Quantum-safe cryptography could slow Ethereum

Ethereum developers and the Ethereum Foundation are evaluating a move to post-quantum cryptography to protect accounts and validator signatures against future quantum computers. Research and prototype patches have been active for more than a year, but no hard fork to implement a full transition has been scheduled.

The network currently uses secp256k1 elliptic-curve signatures for externally owned accounts and BLS12-381 for validator attestations. Cryptographers warn that a large, fault-tolerant quantum computer running Shor’s algorithm could break these schemes. National standards bodies have selected several quantum-resistant algorithms based on problems such as lattices, including CRYSTALS-Dilithium, which have larger keys and different verification costs.

Post-quantum signatures are typically much larger than today’s elliptic-curve signatures. Where current account signatures are a few dozen bytes, candidate post-quantum schemes often produce signatures measured in hundreds or thousands of bytes. Larger signatures increase calldata per transaction, which raises gas for calldata-priced operations and reduces the number of transactions that fit in a block. Some post-quantum schemes also require more CPU time to verify, which can lengthen node processing, block validation and peer propagation.

The consensus layer faces particular constraints. Ethereum’s proof-of-stake system relies on BLS aggregation to compress many validators’ attestations into a small packet. Most standardized post-quantum signature schemes do not yet offer straightforward, mature aggregation. If aggregation cannot be preserved, aggregate attestation sizes would grow, increasing network bandwidth use and validator processing and complicating block propagation and finality.

Developers are testing technical approaches to limit performance impacts. Options under consideration include hybrid signatures that combine classical and post-quantum algorithms, storing compact commitments or public-key fingerprints on-chain while keeping larger keys or signatures off-chain, and research into signature compression, post-quantum aggregation and threshold schemes. Hardware acceleration for verification and updates to layer-2 systems, client software and wallets are also being explored.

Economic effects could follow. Larger transaction sizes would raise gas costs for calldata-heavy operations and could prompt developers to redesign contracts to use fewer on-chain bytes. Validator and node operators may face higher CPU and bandwidth costs, which could be reflected in fees or slower confirmations for users.

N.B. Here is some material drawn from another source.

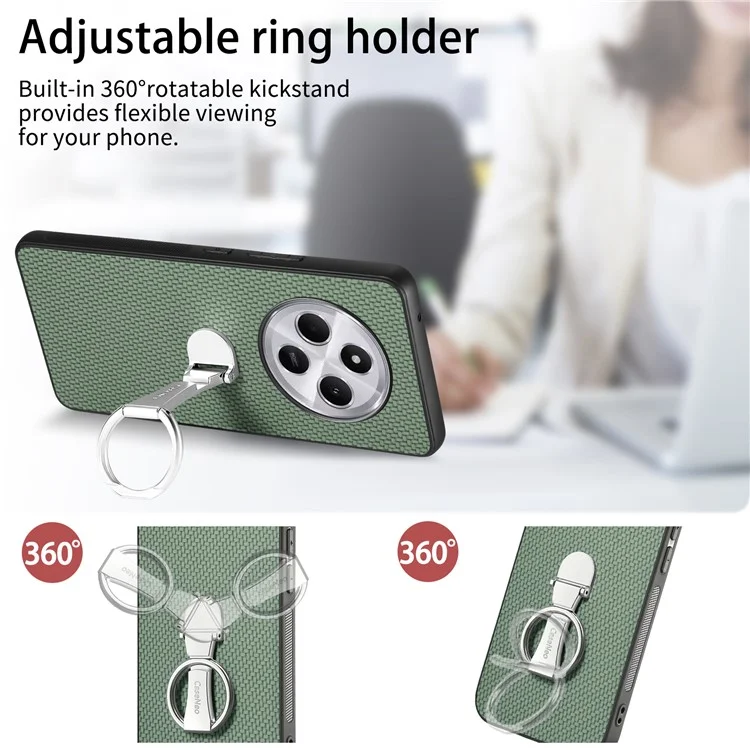 Custodia CASENEO C1-19 per Xiaomi Redmi 14C 4G / 14R 5G / Poco C75 4G, con supporto pieghevole, cover posteriore in pelle con texture in fibra di carbonio - Nero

Timing remains uncertain. Standards bodies have set selections for quantum-resistant algorithms and the risk of “store now, decrypt later” attacks has prompted planning. At the same time, large quantum computers capable of breaking current elliptic-curve schemes are not yet available, and community discussion favors careful testing, backward compatibility and gradual or optional deployment approaches rather than an immediate network-wide switch.